The key glacier, Ol’ Skintop, had retreated 4.62 Grables during the last twenty-four-hour period. And the temperature, at noon in New York, had exceeded the previous day’s by 1.46 Wagners. In addition the humidity, as the oceans evaporated, had increased by 16 Selkirks. So things were hotter and wetter; the great procession of nature clanked on, and toward what? Hnatt pushed the ‘pape away, and picked up the mail which had been delivered before dawn… it had been some time since mailmen had crept out in daylight hours.
The first bill which caught his eye was the apt’s cooling pro-rated swindle; he owed Conapt 492 exactly ten and a half skins for the last month—a rise of three-fourths of a skin over April. Someday, he said to himself, it’ll be so hot that nothing will keep this place from melting; he recalled the day his l-p record collection had fused together in a lump, back around ’04, due to a momentary failure of the building’s cooling network. Now he owned iron oxide tapes; they did not melt. And at the same moment every parakeet and Venusian ming bird in the building had dropped dead. And his neighbor’s turtle had been boiled dry. Of course this had been during the day and everyone—at least the men—had been at work. The wives, however, had huddled at the lowest subsurface level, thinking (he remembered Emily telling him this) that the fatal moment had at last arrived.

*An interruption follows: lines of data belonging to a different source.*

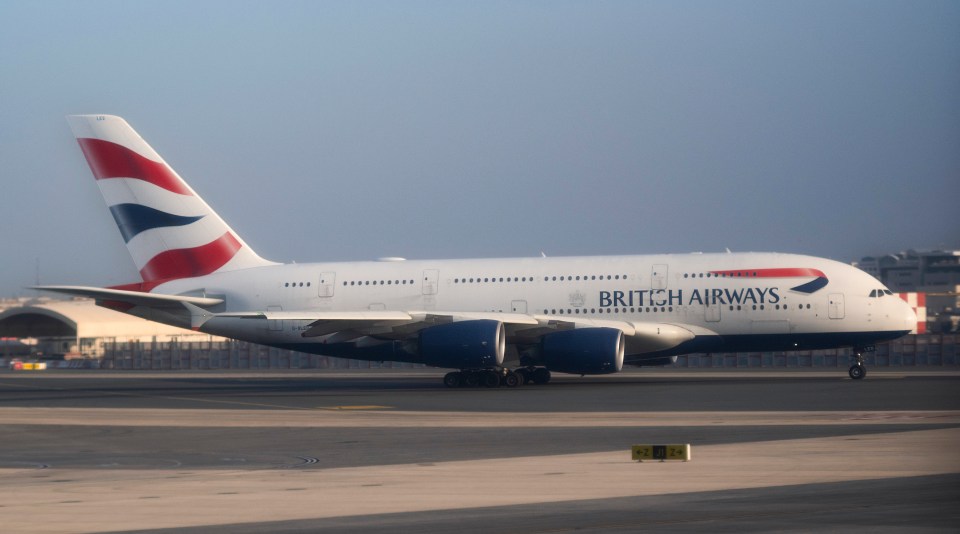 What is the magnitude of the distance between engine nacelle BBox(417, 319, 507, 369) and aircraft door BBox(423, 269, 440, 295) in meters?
3.71

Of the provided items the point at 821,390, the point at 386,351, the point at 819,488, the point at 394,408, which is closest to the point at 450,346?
the point at 386,351

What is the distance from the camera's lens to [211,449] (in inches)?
870

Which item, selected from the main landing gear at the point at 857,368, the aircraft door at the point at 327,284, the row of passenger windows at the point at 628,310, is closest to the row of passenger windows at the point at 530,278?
the row of passenger windows at the point at 628,310

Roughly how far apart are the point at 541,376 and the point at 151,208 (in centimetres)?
1528

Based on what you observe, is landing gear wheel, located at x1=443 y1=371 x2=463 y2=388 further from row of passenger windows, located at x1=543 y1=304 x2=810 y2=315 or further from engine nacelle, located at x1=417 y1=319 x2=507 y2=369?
row of passenger windows, located at x1=543 y1=304 x2=810 y2=315

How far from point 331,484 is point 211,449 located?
249 inches

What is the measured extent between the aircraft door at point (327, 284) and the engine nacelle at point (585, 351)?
28.9ft

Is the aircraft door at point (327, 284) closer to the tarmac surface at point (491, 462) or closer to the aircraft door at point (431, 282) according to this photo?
the aircraft door at point (431, 282)

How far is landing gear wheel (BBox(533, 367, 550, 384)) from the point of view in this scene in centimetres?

And not a century from now, but now. The Caltech predictions had been wrong… only of course they hadn’t been; it had just been a broken power-lead from the N.Y. utility people. Robot workmen had quickly shown up and repaired it.
In the living room his wife sat in her blue smock, painstakingly painting an unfired ceramic piece with glaze; her tongue protruded and her eyes glowed… the brush moved expertly and he could see already that this was going to be a good one. The sight of Emily at work recalled to him the task that lay before him, today: one which he did not relish.